Auch ethische Fragen sind noch ungeklärt. Wie soll sich ein Fahrzeug verhalten, wenn es die Wahl hat einen alten Menschen oder einen jungen anzufahren? Eine Frau oder einen Mann? Aufgrund solcher Fragen ist in Deutschland bislang nur das teilautomatisierte Fahren erlaubt. Die Automatisierungssysteme müssen "jederzeit durch den Fahrzeugführer übersteuerbar oder deaktivierbar" sein, schreibt der Gesetzgeber. Die letzte Verantwortung trägt somit immer noch der Mensch.

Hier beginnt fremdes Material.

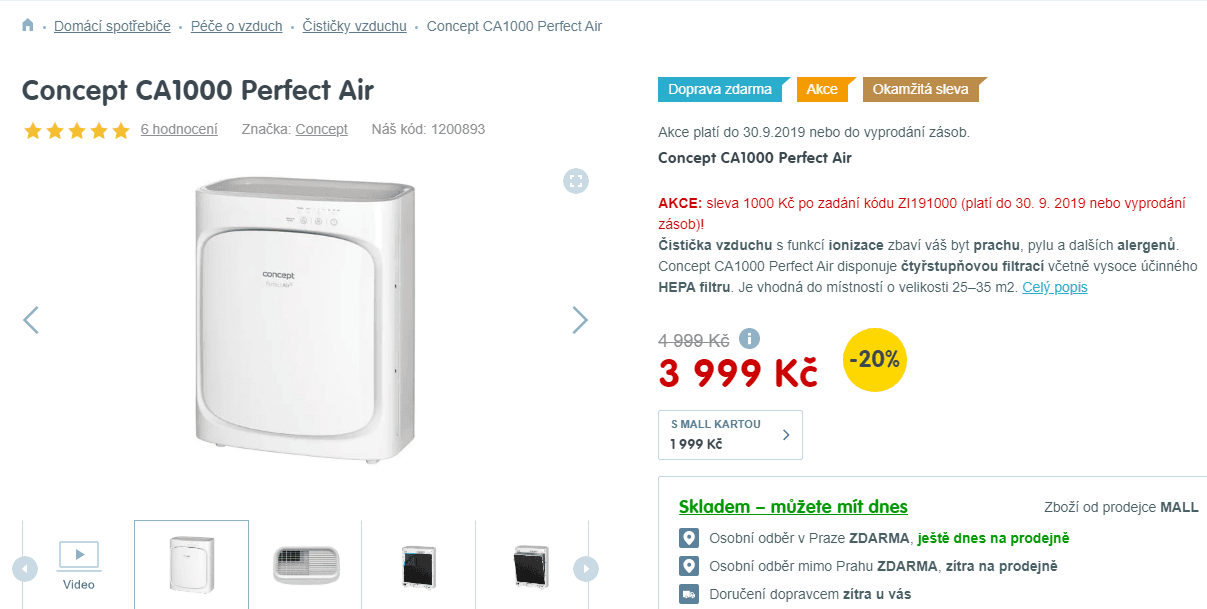 Domácí čistička vzduchu Concept 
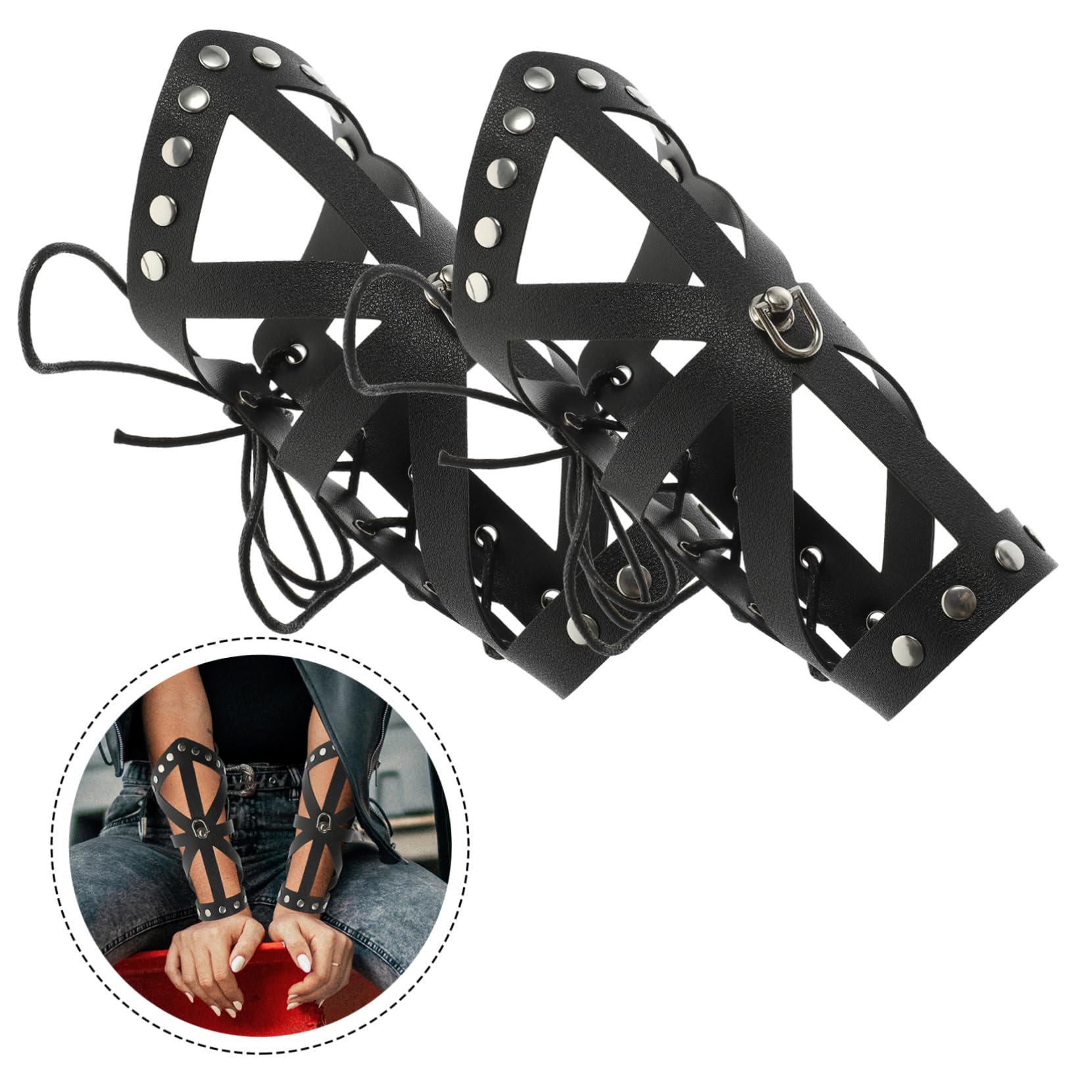 GALPADA Artificial Leather Arm Guards Punk Style Wristband Comfortable Binding Strap for Cosplay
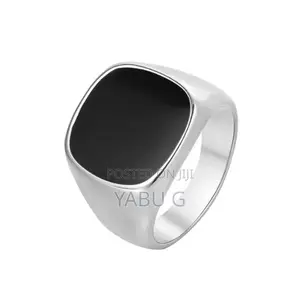 Stainless Steel Signet Ring With a Black Onyx Stone
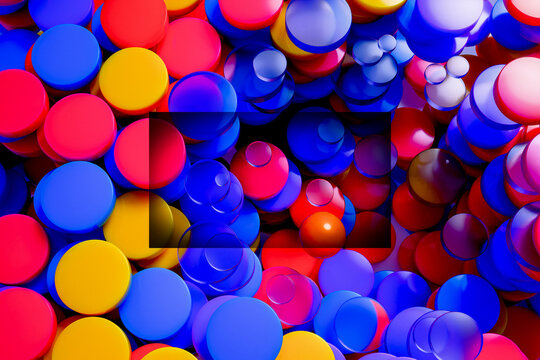 Colorful abstract digital rendering of overlapping circles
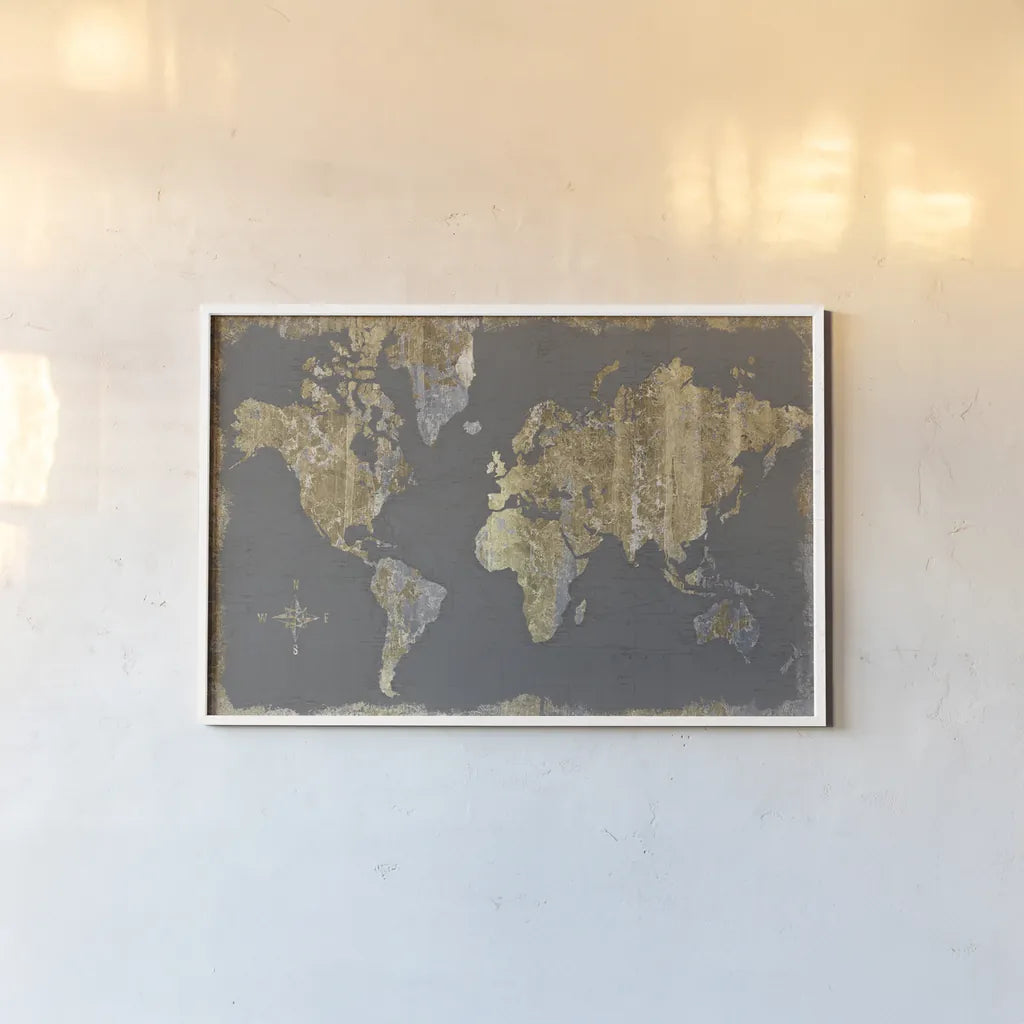 Gilded Map Gray by Wild Apple Portfolio. shown as a paper print in a white frame. Available as a archival giclee rolled canvas, fine art paper, or poster print. SKU 47183i.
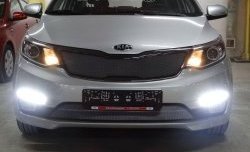 1 599 р. Сетка в решетку радиатора Russtal KIA Rio 3 QB рестайлингхэтчбек5дв. (2015-2017) (хром)  с доставкой в г. Екатеринбург. Увеличить фотографию 2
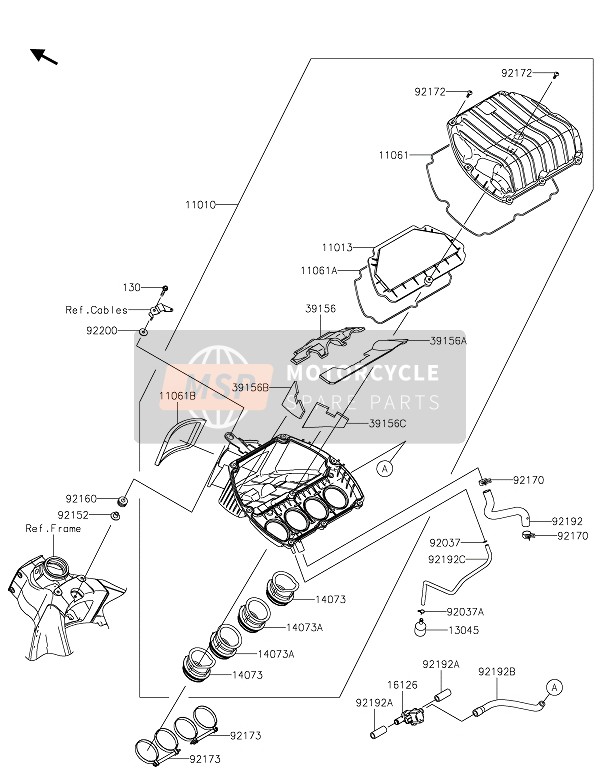 Kawasaki NINJA ZX-6R 2021 Luchtfilter voor een 2021 Kawasaki NINJA ZX-6R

In den USA soll ab 2019 vollautomatisiertes Fahren erlaubt sein, heißt es in der Süddeutschen Zeitung. Das bedeutet, dass der Fahrer nicht mehr als Rückfalllösung gebraucht würde. Auch China presche vor und erlaube, sechs führerlosen Fahrzeugen 2019 in Shanghai zu fahren. Sie dürfen Personen und Güter auf öffentlichen Straßen mit bis zu 50 Kilometern pro Stunde transportieren. Aber auch hier kontrolliere eine Leitstelle über Bordkameras die Fahrten und kann, wenn nötig, per Fernsteuerung eingreifen, so die Süddeutsche Zeitung.
Ab 2021 sollen dann Autos auf den chinesischen Markt kommen, die teilweise oder komplett ohne Eingriff von Menschen fahren können. In China geht man davon aus, dass zwischen 2026 und 2030 das automatisierte Fahren weit verbreitet ist, so zumindest sieht es ein Konzept der für die Autoindustrie zuständigen Behörde vor.